Poet Molly Fisk published an essay on “John Updike, His Stories, and Me” in the Oct. 25, 2021 issue of Harper’s Bazaar that shares some Updike family history and confronts the issues of truth in fiction . . . and fiction in truth.
“Almost exactly three years after my dad’s death, a short story by Uncle John appeared in The New Yorker called “Brother Grasshopper.” Everyone who knew me and my family knew that my uncle was John Updike. He married my mother’s older sister, Mary, when they were in college, and we Fisks spent every summer back East in Ipswich or Vermont or on Martha’s Vineyard with the Updikes. Each couple produced four children at regular intervals, so we had nearly parallel cousins. If you’ve read Couples or The Maples Stories, you know the general scene: beaches, chaos, shucking corn, tennis and cocktails, adultery.

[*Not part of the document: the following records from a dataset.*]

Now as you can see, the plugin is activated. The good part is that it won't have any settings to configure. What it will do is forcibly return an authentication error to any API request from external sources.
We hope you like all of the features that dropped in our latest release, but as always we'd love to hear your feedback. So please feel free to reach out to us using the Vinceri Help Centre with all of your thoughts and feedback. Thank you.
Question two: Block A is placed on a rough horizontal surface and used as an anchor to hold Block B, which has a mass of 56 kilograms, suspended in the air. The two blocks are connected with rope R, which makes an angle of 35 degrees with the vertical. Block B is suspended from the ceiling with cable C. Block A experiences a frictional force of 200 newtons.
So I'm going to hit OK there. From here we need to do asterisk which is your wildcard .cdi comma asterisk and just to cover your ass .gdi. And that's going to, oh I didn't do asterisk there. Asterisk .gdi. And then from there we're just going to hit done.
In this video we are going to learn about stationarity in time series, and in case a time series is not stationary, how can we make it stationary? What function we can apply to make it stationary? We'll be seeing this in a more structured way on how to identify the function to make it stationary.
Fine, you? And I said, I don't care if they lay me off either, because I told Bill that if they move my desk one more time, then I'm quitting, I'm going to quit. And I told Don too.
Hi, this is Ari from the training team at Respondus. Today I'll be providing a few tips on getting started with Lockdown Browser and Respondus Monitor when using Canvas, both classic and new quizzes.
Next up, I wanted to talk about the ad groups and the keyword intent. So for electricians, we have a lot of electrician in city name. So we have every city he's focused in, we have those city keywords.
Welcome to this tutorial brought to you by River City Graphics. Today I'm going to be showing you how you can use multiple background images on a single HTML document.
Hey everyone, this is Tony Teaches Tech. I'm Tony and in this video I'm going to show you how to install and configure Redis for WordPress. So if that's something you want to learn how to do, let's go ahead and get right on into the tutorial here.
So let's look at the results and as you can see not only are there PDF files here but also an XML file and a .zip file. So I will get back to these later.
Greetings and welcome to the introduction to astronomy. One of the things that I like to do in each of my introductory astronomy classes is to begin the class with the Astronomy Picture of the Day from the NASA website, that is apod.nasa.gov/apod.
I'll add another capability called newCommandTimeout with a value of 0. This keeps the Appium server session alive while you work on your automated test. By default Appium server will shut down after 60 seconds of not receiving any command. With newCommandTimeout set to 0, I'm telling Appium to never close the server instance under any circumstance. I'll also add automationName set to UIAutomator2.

There were the usual family spats now and then, but as a child, I always thought of the four adults as good friends.”
But after “Brother Grasshopper” was published, Fisk’s answering machine blew up with messages asking if she’d seen the story and if she was “okay.” So she went out and bought a copy of the magazine to read Updike’s latest.
“There were all our family stories: driving home from Crane Beach jammed into the Ford Falcon with dripping ice cream cones that Irving cheerfully told us to throw out the window, so we did. There was the one wild one about Irving going missing just before my parents’ wedding and John finding him taking a bath in the brook. There was even the terrible saga of my dad’s climb on Mont Blanc when he was 20, where two of his friends died. John reset the event in New Hampshire’s White Mountains and killed only one.”
What shocked Fisk was that Updike had “written an essentially nonfictional story about my dad, changing only his name (to Carlyle), and then made him a producer of pornography. I was mortified.”